Randomized timeouts are also used to handle split votes. Each candidate's election timeout is restarted at the start of an election, and the timeout must elapse before it can start another election. This reduces the probability of another split vote in the new election.
Any Two Majorities Must Overlap in At Least One Server #
All of Raft's key decisions rely on getting some confirmation from a majority of the servers in the cluster. The insight here is that if there is a partition in the cluster i.e., one or more nodes cannot communicate with the other set of nodes, at most one of the partitions can have the majority. In addition, any subsequent majorities must overlap with the previous ones in at least one server. This is how Raft is able to ensure that a term has at most one leader and prevent a split-brain situation. If we have candidates from separate partitions that cannot communicate, only one of them will be able to gain a majority of votes. There is no chance of two candidates in separate partitions gaining a majority for the same term.
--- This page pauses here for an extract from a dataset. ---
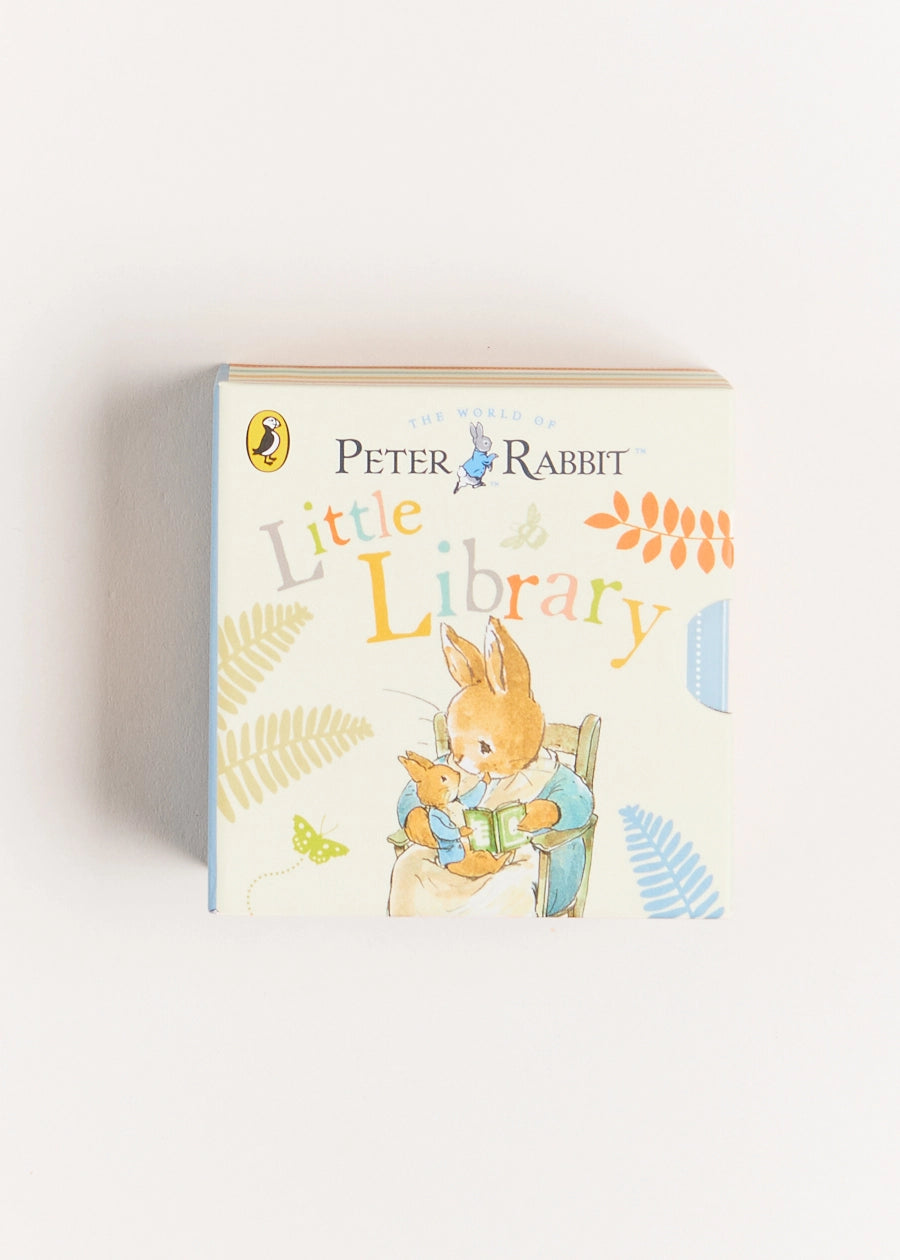 Peter Rabbit Little Library Peter Rabbit - Little Library Book in White | Pepa London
A Raft cluster is typically made up of an odd number of servers. This helps to improve fault tolerance in the cluster. For example, a cluster of 4 nodes needs 3 nodes to make a decision, and a cluster of 5 nodes also needs the same amount of nodes. This means that we can tolerate more failures and still make progress in the cluster. More generally, a cluster of 2f + 1 servers can tolerate f failed servers.
Systems that rely on the overlap of majority set of servers for operation are referred to as quorum systems.
How does log replication work? #
A leader is responsible for receiving client requests once it has been elected. These client requests contain commands that must be replicated to the servers in the cluster.
When a request comes in, the leader creates a new log entry containing that command and appends the entry to its log. It then sends AppendEntries RPCs in parallel to its followers. An entry will only be considered as committed when it has been safely replicated on the majority of its followers. Once an entry is marked as committed, it must be durably persisted on all the followers. If a follower crashes or there is a network fault that drops packets to the follower, the leader will keep retrying the request indefinitely until the follower receives the log entry. All followers must eventually store committed log entries. When an entry is committed, it can then be executed by the state machine.
Figure 4 - "Logs are composed of entries, which are numbered sequentially. Each entry contains the term in which it was created (the number in each box) and a command for the state machine. An entry is considered committed if it is safe for that entry to be applied to state machines"
The protocol for log replication in Raft is described as follows:
- Each log entry contains a command as well as the term number when the entry was received by the leader. An entry is also identified by an index, which is its position in the log.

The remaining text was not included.